TASK — Go to the line holding "Sweat à Capuche" in the data below. Return it and each line after it through the last, exactly, and skip the pictures.

==== EXERCISE MATERIAL ====

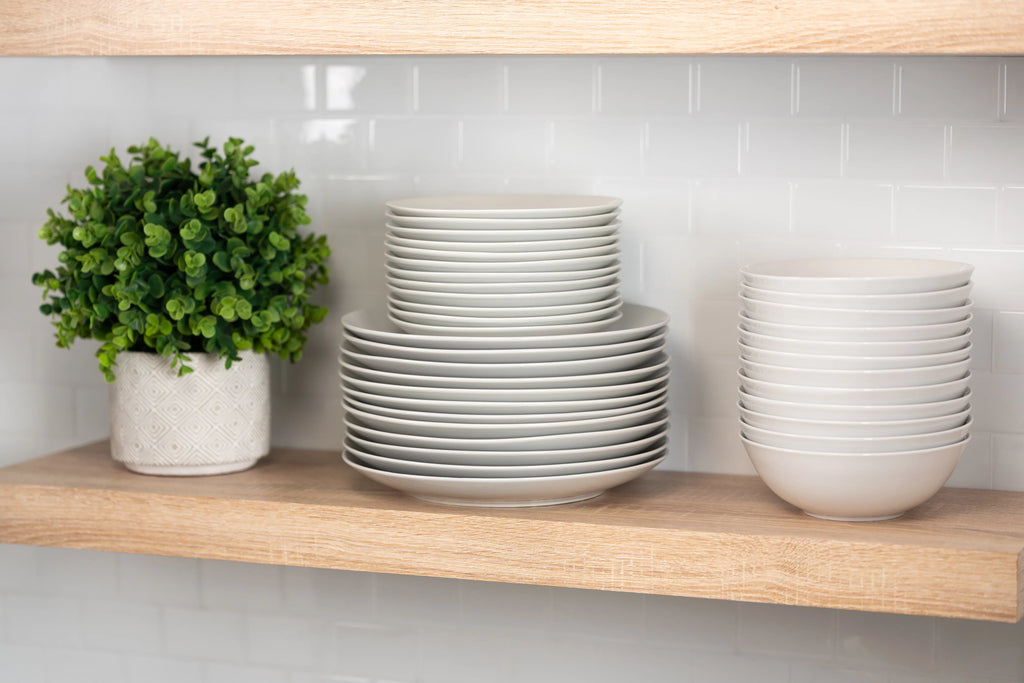 Ceramic Cereal Bowl Set of 12 White H914163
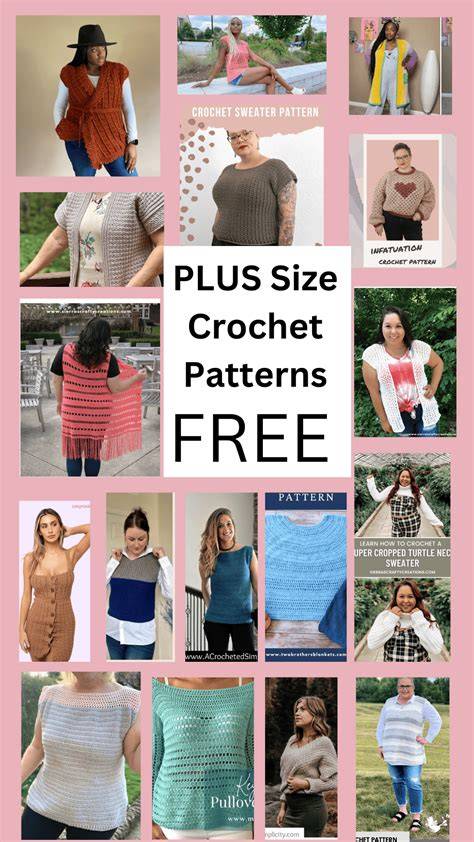 Plus Size Crochet Clothing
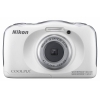 Фотоаппарат Nikon CoolPix S33 с рюкзаком белый 13.2Mpix Zoom3x 2.7" 1080p 25Mb SDXC CMOS IS el 5minF HDMI/KPr/DPr/WPr/EN-EL19 (VNA850KR01)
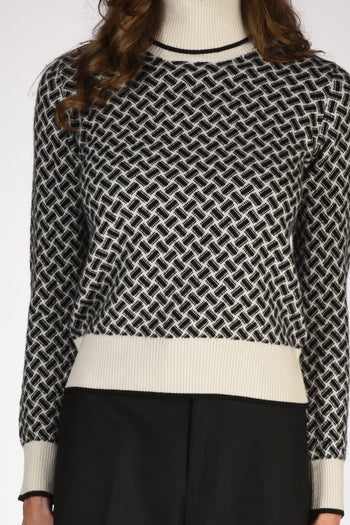 Maglia Bianco/nero Donna - 3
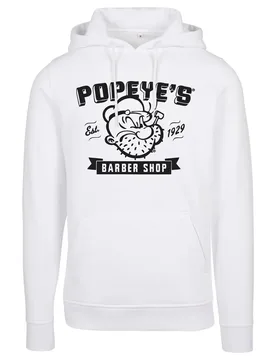 Sweat à Capuche Popeye Barber Shop White S - Mc Clothes - FashionsVida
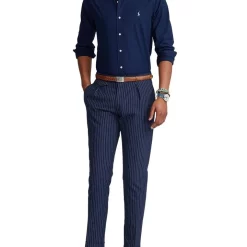 Wholesale 😉 Polo Ralph Lauren Classic Fit Stretch Poplin 👕 Shirt In Navy ⭐ -Industrie Shop unnamed file 1159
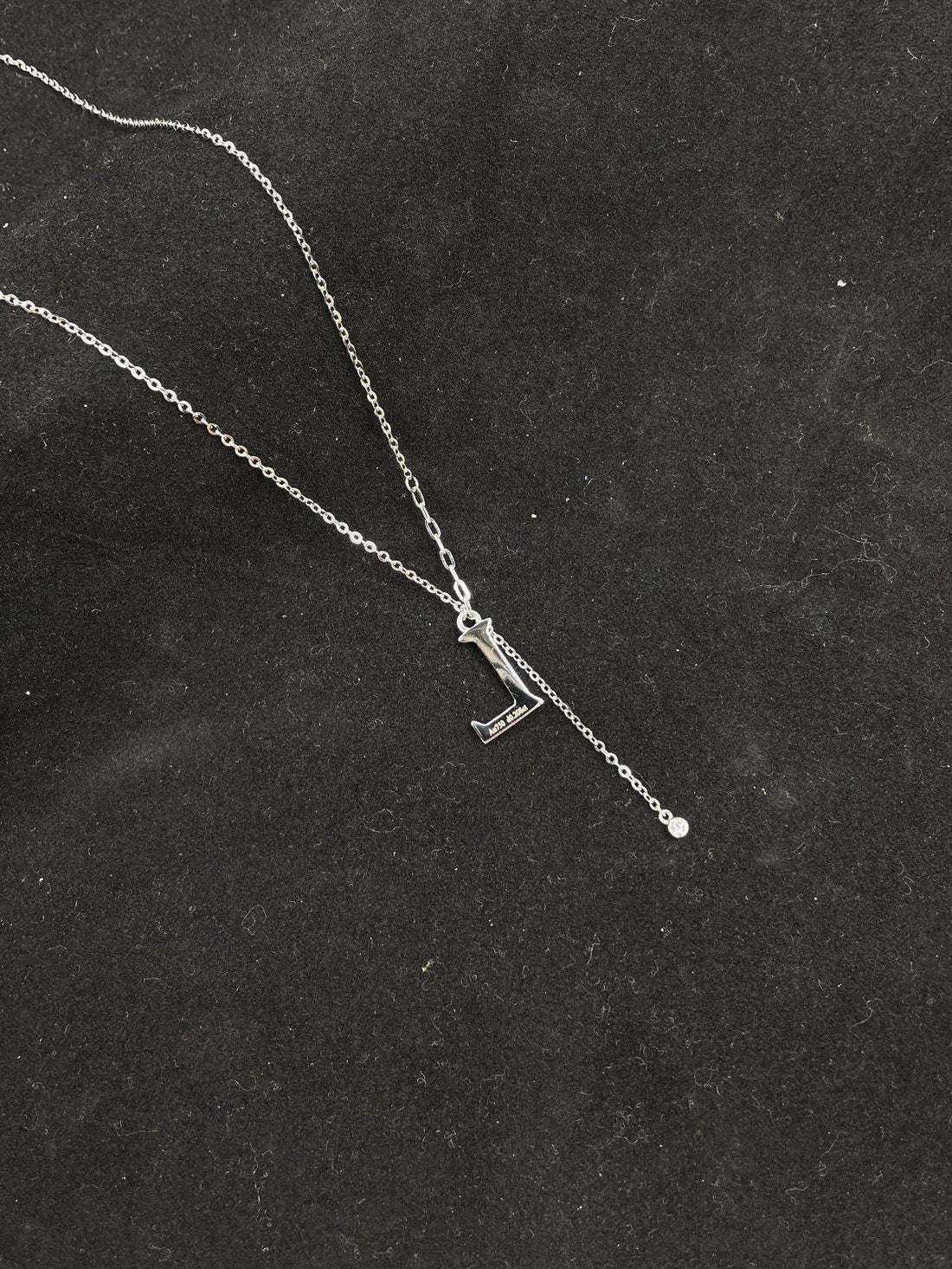 Impossible to Look Away Diamond Lariat Initial Necklace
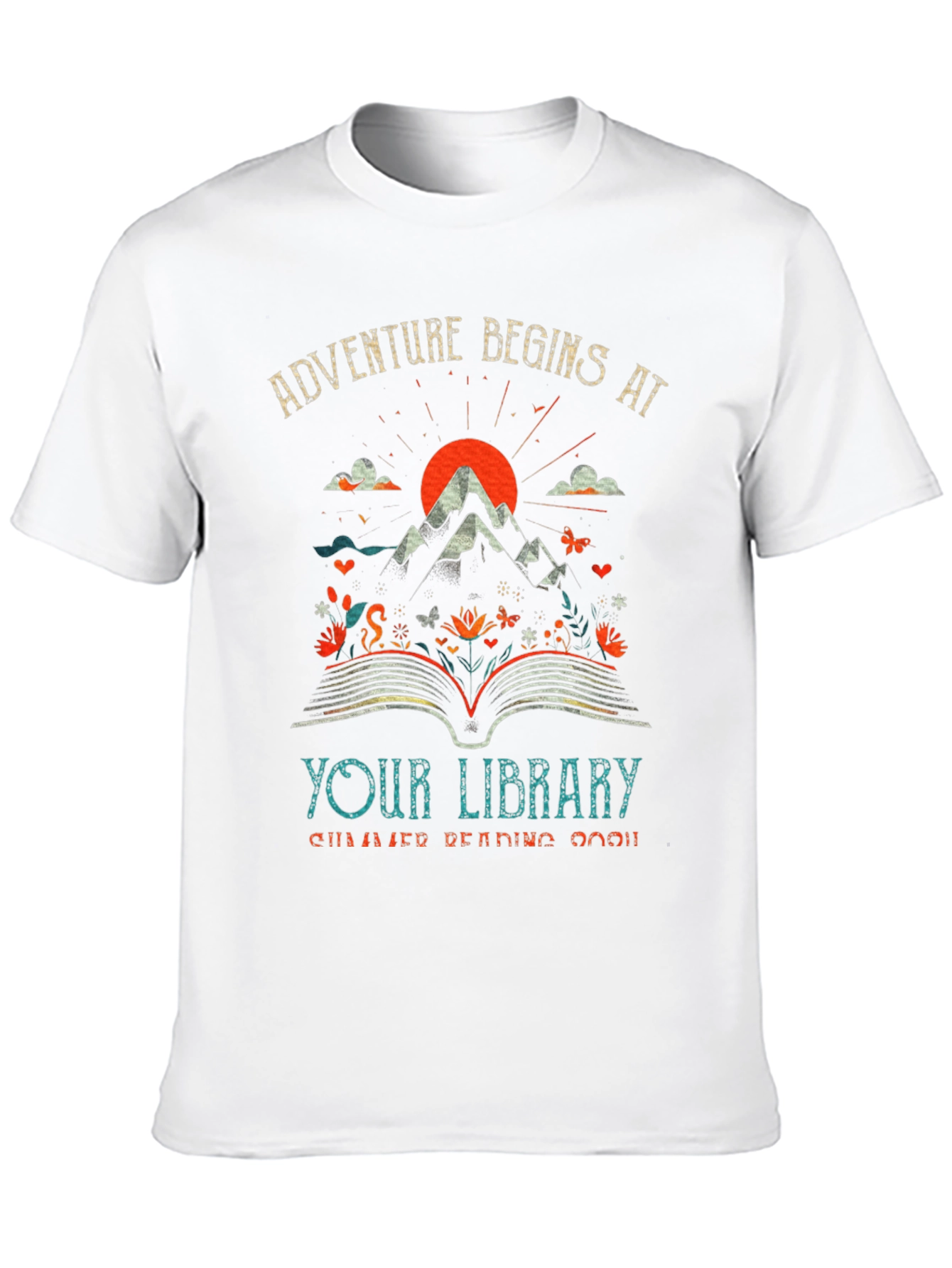 Adventure Begins at Your Library T-Shirt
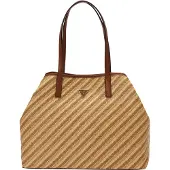 GUESS Vikky Rafia Shopper Bag Orange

====

OUTPUT —
 Sweat à Capuche Popeye Barber Shop White S - Mc Clothes - FashionsVida
 Wholesale 😉 Polo Ralph Lauren Classic Fit Stretch Poplin 👕 Shirt In Navy ⭐ -Industrie Shop unnamed file 1159
 Impossible to Look Away Diamond Lariat Initial Necklace
 Adventure Begins at Your Library T-Shirt
 GUESS Vikky Rafia Shopper Bag Orange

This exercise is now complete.